* **To do**
Where an image appears, leave it out; otherwise repeat the data exactly.

* **Given data**

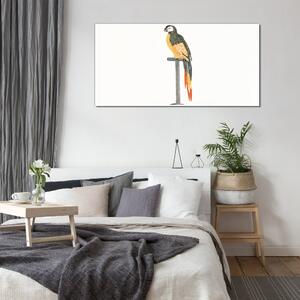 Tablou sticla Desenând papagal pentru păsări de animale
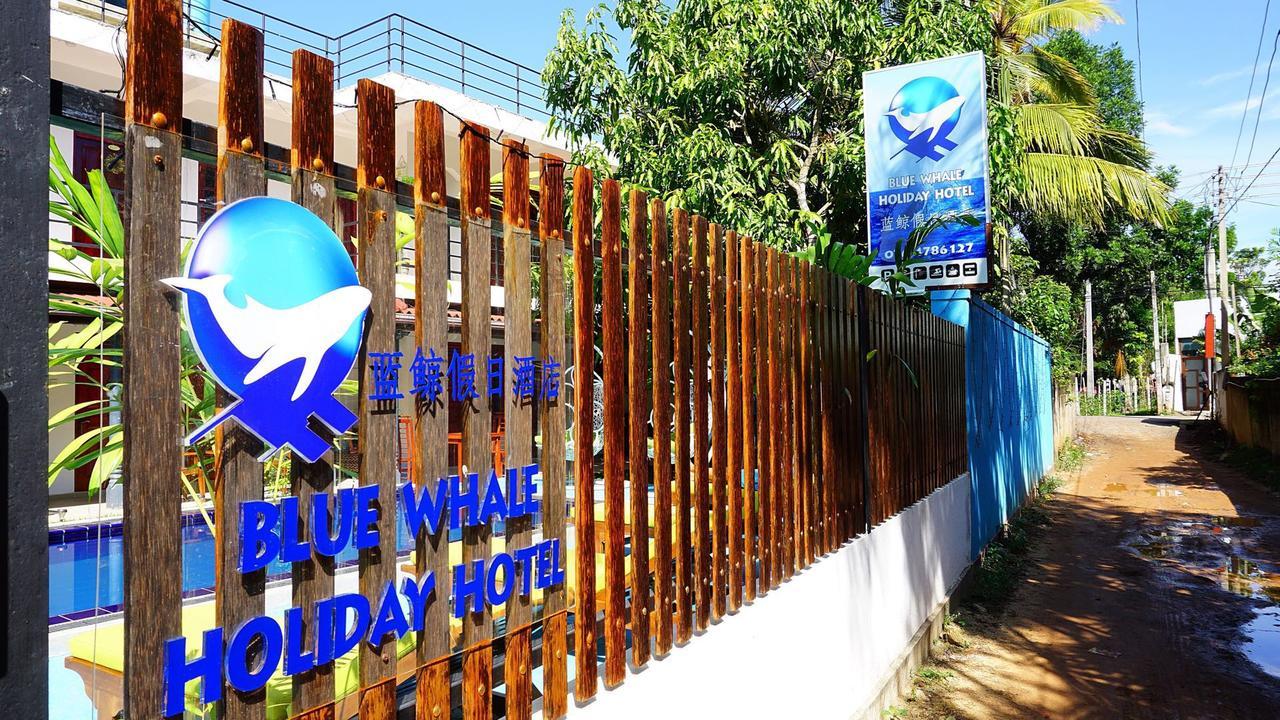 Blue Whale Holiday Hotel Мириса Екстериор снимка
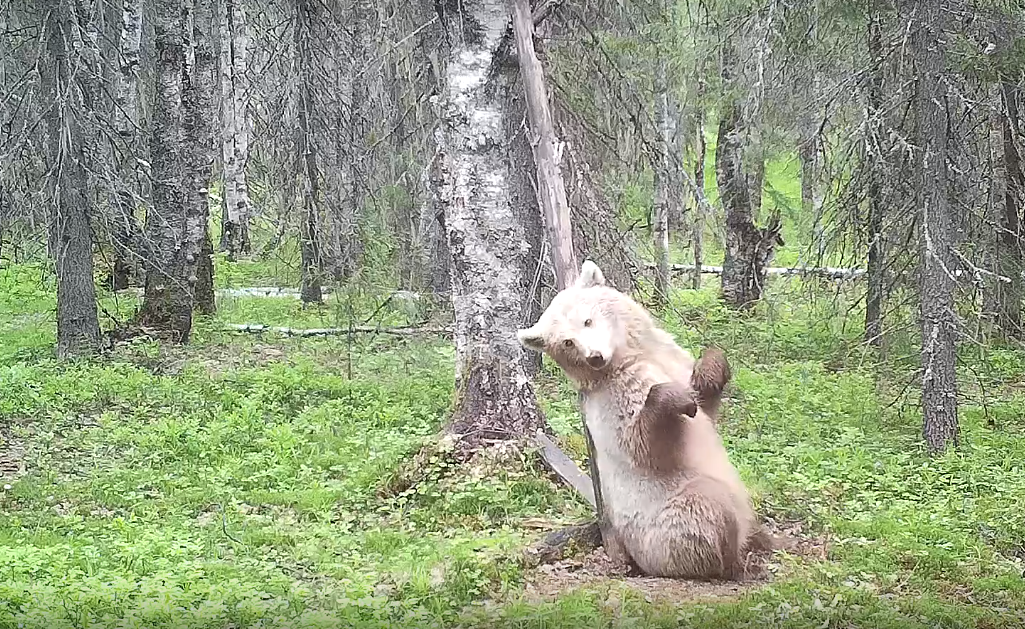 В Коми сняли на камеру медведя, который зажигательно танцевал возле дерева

* **Exercise response**
 Tablou sticla Desenând papagal pentru păsări de animale
 Blue Whale Holiday Hotel Мириса Екстериор снимка
 В Коми сняли на камеру медведя, который зажигательно танцевал возле дерева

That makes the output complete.